BAMS Features John Xun Yang

The Bulletin of the American Meteorological Society (BAMS) featured the work of ESSIC/CISESS scientist John Xun Yang in their March 2024 issue.


In the highlight, the BAMS editor delved into the origins, challenges, and stories behind the development of SatERR 1.0, a comprehensive satellite error inventory  and simulator led by John Yang. SatERR is NOAA’s first satellite error inventory and is now accessible as an open-source project on GitHub. 


This highlight underscores the significance of the work supported by NOAA projects and enhances the visibility of research at NOAA.


See images below for the two-page spread.


John Yang with his daughter, Alice, at the top of Seattle’s Space Needle, overlooking the bay with the peak of glaciated Mount Rainier in the distance.


“My fascination with meteorology and its related sciences stems from my love for remote sensing technology. This enthusiasm ignited in my youth when my father, a radiology doctor, showed me the inner workings of X-ray machines and my skeletal images. Over a decade ago, I was involved in building a lidar to measure atmospheric aerosols in Hong Kong, and I felt an analogy between radiography and lidar remote sensing.
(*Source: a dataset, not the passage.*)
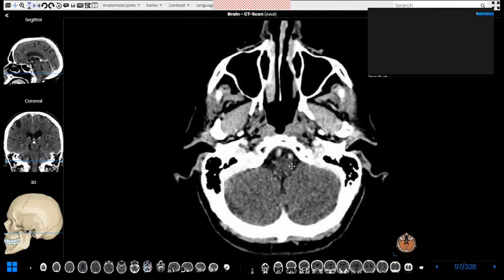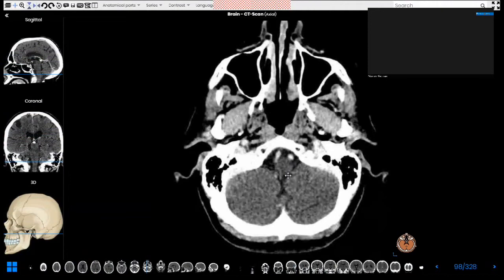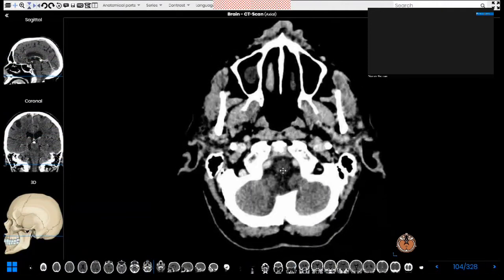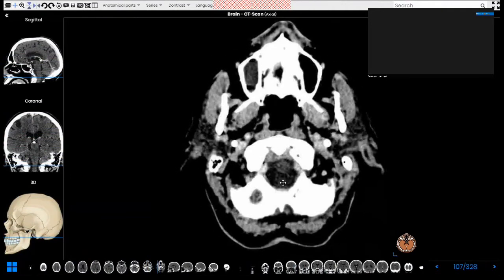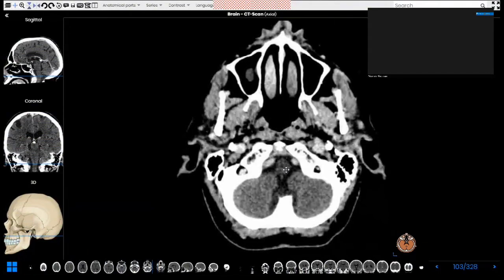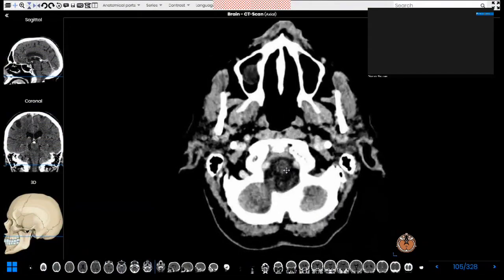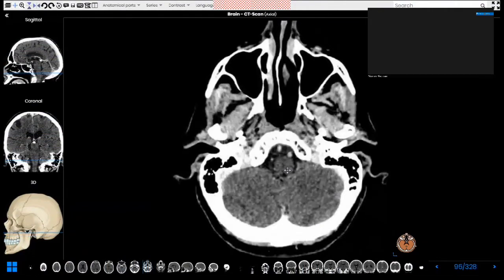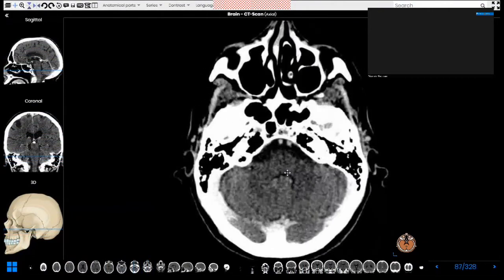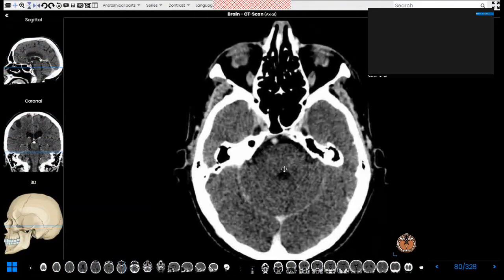At this level we can see the medullospinal junction. This is the uppermost aspect of the spinal cord, which is connected to the medulla oblongata and the rest of the brainstem.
This led me to dive into satellite remote sensing during my Ph.D. at the University of Michigan. There, I had the privilege of working with brilliant minds like Chris Ruf, Darran McKague, and many others. It was during this time that I joined a number of NOAA/NASA satellite missions, a path I have continued to traverse ever since.”

– John Xun Yang, University of Maryland and NOAA/National Environmental Satellite, Data, and Information Service/Center for Satellite Applications and Research


BAMS: What would you like readers to learn from this article?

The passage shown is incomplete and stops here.